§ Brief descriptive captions
——————————
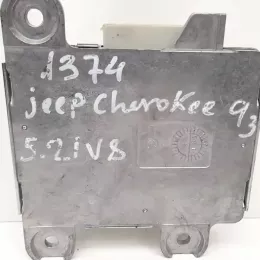 TME0428D0200 блок управления AirBag (SRS) Jeep Grand Cherokee 1991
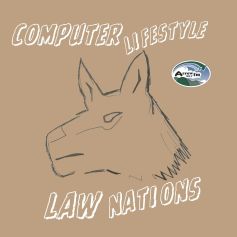 Computer Law Lifestyle Nations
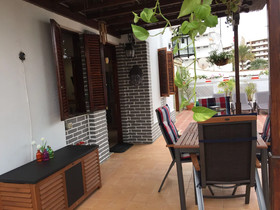 Heavens Garden House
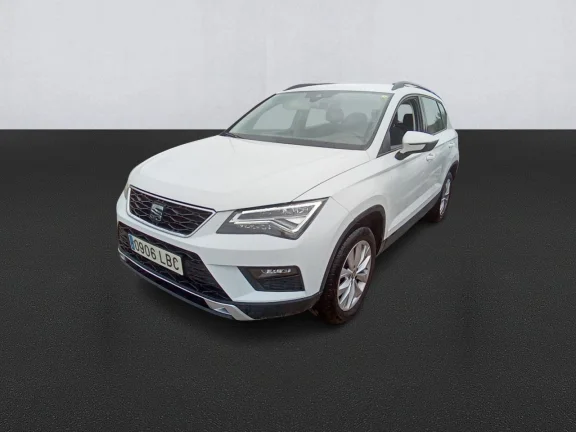 Seat Ateca 1.0 TSI 85kW St&amp;Sp Style Edit. Nav Eco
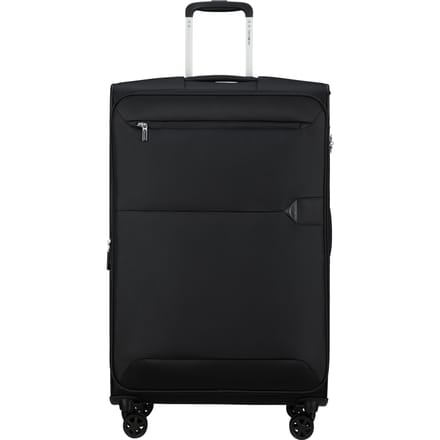 Samsonite Koffer - Urbify Spinner 78/29 (4 wielen) Uitbreidbaar - Black - 3.1 kg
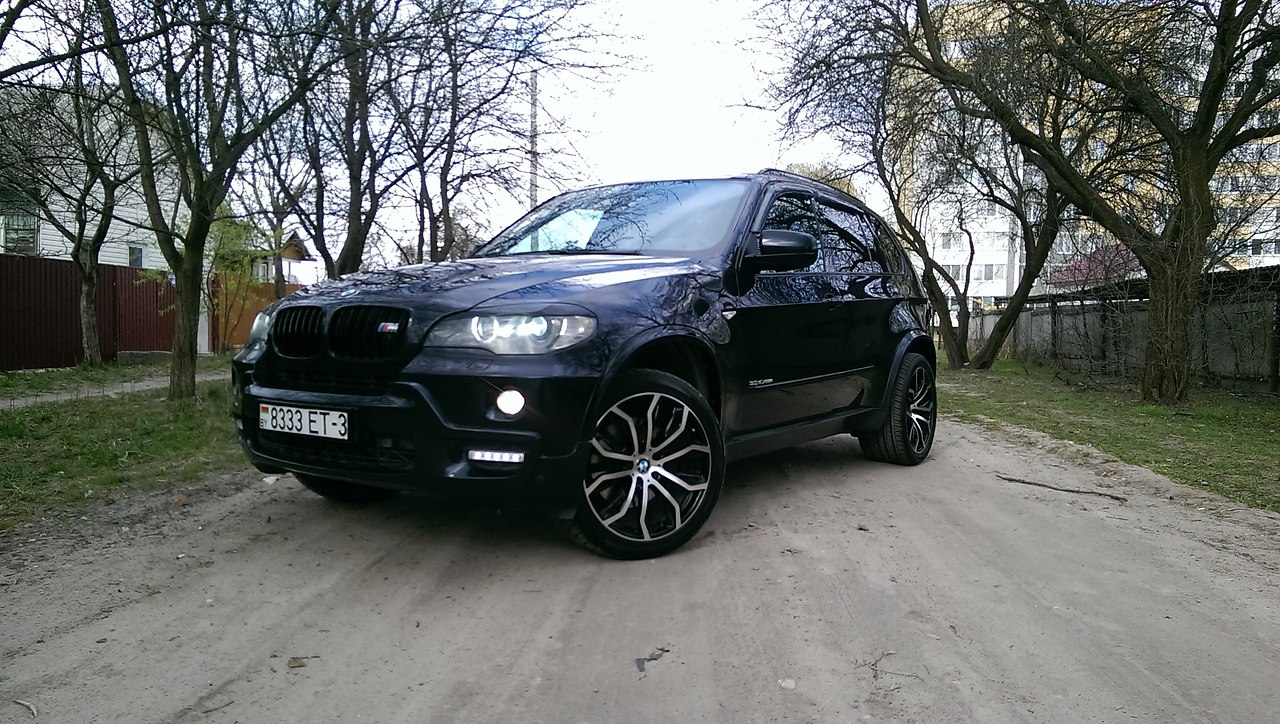  | BMW - 21  2015  10:10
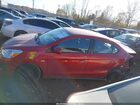 2020 Mitsubishi Mirage G4 Es Red vin: ML32F3FJ8LHF12755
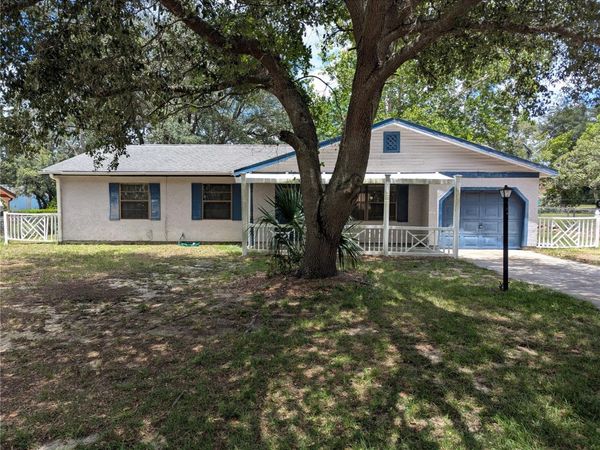 32 PALM RUN , OCALA, FL 34472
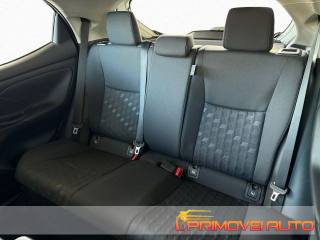 TOYOTA Yaris usata, con Chiusura centralizzata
——————————
§ WHAT YOU NEED TO DO
Copy exactly, and only, the lines running from the one containing "2020 Mitsubishi Mirage" through the final line of the data, and omit the pictures.

§ TASK OUTPUT
 2020 Mitsubishi Mirage G4 Es Red vin: ML32F3FJ8LHF12755
 32 PALM RUN , OCALA, FL 34472
 TOYOTA Yaris usata, con Chiusura centralizzata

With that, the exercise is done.